A common misconception in specifications we receive is that "electric blanket testing" is a single test. It is not. It is a programme that spans the heating test (Clause 11 in the IEC 60335-2-17 structure), the leakage-current and dielectric-strength tests at working temperature (Clause 13), the mechanical-strength flexure tests for the heating element and the supply cord (Clause 21), the moisture-resistance tests (Clause 15), and the construction and marking requirements that round out the standard. A complete project covers all of these; a project that tests only the heating behaviour misses the electrical and mechanical failures that are the actual causes of field incidents.
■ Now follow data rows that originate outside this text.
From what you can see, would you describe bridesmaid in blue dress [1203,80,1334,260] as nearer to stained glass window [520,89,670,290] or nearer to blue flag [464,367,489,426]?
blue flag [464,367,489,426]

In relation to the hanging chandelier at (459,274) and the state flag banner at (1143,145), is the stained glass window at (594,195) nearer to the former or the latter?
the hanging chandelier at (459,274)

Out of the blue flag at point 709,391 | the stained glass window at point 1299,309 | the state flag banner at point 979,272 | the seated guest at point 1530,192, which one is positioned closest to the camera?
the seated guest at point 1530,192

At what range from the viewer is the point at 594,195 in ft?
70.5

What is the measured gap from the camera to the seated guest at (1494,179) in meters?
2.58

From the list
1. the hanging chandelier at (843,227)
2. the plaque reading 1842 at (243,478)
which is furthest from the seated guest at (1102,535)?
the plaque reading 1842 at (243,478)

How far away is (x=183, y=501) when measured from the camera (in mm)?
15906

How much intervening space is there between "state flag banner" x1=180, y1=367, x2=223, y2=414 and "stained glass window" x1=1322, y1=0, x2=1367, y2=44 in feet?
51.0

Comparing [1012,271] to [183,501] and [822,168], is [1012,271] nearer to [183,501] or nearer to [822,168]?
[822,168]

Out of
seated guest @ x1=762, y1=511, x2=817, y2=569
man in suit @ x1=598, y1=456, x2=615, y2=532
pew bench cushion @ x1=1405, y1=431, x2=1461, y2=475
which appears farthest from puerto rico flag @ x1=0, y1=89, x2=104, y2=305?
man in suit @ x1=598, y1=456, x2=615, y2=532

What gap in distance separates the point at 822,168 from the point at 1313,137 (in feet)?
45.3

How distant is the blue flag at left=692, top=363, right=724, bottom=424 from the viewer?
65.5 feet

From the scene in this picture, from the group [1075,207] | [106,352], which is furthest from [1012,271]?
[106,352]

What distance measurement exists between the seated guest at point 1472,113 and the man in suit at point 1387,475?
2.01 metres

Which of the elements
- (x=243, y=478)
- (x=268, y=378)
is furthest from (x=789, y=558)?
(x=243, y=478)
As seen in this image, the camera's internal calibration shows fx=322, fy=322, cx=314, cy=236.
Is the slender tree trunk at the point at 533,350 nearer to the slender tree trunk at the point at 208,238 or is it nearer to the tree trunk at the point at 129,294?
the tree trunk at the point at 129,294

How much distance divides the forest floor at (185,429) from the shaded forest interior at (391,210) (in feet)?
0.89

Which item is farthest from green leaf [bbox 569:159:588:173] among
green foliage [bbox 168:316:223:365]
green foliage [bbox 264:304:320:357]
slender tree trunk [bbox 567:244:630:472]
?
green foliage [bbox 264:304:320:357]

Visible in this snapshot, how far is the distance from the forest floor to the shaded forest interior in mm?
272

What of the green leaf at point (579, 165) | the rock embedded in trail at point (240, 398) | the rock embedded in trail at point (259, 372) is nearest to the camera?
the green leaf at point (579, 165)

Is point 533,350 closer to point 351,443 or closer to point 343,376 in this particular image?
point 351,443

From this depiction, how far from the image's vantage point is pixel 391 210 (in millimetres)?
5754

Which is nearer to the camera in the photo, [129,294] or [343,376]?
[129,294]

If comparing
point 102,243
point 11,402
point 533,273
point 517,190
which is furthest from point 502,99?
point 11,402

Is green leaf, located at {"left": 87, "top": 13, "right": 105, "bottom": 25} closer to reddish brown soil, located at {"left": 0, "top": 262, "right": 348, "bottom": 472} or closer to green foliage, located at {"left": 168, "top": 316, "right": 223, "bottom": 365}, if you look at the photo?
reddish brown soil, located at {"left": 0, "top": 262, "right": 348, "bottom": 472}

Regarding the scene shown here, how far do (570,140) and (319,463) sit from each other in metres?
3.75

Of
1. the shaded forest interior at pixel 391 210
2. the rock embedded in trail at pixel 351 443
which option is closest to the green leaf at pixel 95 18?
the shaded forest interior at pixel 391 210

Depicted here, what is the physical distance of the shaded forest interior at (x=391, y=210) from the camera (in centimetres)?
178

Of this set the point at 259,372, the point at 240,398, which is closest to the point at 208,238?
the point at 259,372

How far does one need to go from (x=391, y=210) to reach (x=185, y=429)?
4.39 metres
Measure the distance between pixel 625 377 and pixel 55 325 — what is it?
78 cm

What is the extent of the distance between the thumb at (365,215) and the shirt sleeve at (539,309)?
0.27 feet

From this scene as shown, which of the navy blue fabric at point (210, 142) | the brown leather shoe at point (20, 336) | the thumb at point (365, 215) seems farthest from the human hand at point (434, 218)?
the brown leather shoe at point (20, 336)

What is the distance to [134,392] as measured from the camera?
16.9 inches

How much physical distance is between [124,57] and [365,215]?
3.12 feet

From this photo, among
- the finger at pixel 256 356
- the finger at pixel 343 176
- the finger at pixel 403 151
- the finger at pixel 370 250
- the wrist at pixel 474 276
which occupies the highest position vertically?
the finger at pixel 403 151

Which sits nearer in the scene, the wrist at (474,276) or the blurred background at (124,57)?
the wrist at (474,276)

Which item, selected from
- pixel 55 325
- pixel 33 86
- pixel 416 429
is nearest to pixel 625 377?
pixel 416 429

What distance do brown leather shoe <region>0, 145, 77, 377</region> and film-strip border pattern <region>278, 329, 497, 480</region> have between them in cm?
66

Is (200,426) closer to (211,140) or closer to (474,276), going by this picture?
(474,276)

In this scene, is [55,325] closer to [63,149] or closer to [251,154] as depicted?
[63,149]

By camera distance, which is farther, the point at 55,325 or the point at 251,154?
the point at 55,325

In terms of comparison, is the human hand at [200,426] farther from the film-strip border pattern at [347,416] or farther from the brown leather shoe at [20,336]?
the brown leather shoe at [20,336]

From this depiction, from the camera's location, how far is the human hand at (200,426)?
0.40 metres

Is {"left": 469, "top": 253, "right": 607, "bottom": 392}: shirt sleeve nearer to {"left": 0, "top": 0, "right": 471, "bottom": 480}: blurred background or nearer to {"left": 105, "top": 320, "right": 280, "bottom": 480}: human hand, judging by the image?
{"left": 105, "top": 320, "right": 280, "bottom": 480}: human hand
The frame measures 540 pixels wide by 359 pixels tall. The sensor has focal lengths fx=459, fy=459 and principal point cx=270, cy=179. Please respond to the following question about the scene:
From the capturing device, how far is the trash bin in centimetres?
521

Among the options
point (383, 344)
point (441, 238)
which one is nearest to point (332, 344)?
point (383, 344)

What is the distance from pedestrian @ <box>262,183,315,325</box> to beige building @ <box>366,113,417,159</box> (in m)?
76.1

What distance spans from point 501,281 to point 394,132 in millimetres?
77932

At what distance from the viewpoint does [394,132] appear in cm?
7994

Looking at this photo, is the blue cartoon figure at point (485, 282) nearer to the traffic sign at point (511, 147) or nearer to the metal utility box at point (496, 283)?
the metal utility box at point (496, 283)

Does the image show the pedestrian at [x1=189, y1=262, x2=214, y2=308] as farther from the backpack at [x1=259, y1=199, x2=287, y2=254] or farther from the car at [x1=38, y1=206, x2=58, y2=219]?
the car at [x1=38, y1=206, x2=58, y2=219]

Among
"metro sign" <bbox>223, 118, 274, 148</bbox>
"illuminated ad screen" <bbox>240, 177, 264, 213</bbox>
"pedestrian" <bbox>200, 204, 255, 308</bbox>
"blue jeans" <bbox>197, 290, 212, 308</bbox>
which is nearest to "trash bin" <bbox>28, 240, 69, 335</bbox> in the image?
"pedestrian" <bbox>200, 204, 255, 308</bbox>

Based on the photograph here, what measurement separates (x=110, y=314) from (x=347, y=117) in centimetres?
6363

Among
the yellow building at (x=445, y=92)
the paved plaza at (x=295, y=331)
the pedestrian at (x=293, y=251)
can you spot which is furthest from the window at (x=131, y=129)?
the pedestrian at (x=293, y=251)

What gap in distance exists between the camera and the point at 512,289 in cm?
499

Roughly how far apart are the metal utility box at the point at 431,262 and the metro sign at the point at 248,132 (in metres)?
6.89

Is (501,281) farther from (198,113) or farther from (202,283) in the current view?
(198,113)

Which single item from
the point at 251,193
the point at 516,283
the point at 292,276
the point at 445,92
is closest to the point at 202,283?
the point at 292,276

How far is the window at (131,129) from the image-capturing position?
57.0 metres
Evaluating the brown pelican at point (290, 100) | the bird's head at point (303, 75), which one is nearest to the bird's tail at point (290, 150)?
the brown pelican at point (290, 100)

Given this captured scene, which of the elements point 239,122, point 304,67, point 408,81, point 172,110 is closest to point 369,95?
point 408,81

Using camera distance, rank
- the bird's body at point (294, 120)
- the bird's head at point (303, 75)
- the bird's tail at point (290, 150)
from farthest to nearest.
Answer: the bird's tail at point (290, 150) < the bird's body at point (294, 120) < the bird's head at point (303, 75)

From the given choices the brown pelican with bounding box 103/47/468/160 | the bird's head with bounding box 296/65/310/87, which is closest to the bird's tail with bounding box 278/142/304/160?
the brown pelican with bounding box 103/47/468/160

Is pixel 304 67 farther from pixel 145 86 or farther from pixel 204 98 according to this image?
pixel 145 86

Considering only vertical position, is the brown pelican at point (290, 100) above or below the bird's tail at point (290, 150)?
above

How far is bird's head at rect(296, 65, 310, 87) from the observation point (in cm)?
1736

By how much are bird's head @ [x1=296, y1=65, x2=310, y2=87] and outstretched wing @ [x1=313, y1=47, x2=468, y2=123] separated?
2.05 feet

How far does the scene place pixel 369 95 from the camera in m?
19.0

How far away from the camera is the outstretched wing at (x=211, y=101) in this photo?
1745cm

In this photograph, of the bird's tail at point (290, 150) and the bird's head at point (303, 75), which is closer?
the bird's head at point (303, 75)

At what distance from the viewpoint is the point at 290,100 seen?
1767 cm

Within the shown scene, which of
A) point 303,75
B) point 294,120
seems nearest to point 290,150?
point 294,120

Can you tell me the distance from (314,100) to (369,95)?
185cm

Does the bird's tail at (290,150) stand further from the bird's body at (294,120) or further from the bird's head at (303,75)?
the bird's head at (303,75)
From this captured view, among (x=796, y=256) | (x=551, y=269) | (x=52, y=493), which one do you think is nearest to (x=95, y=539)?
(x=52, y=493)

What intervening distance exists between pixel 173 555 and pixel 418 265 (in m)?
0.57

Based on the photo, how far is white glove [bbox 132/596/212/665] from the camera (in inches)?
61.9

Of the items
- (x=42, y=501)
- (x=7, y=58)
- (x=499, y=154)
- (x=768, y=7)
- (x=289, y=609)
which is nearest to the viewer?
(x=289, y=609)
What does the heating test actually verify?
The heating test (Clause 11) verifies that the blanket, operated under defined conditions, does not produce temperatures that exceed the safety limits the standard sets for accessible surfaces and for the materials of the blanket itself. The test is run with the blanket on a defined test bed — for an under-blanket, on a mattress-like support with specified thermal properties; for an over-blanket or heated throw, draped over a defined form — supplied at rated voltage, in a defined ambient temperature, until thermal steady state is reached. Temperature is measured at multiple points across the blanket surface with thermocouples or thermal imaging, and the measured temperatures are compared to the standard limits.
Two properties of the heating test matter for interpreting its result.
Surface temperature uniformity. A properly functioning blanket heats evenly across its surface. A blanket with a damaged heating element — a partially broken wire, a bunched section, a shorted segment — develops hot spots: localized regions where the temperature rises well above the surrounding area. These hot spots are the direct precursors of the scorch marks, the melted insulation, and the ignitions that fire-safety authorities find in their post-incident inspections. Thermal imaging across the full blanket surface is the most revealing measurement in the heating test, because a hot spot that would be missed by a small number of point thermocouples shows up immediately as a bright region in the thermal image. This is why competent in-service testing programmes pair the point measurements with a full-surface thermographic scan.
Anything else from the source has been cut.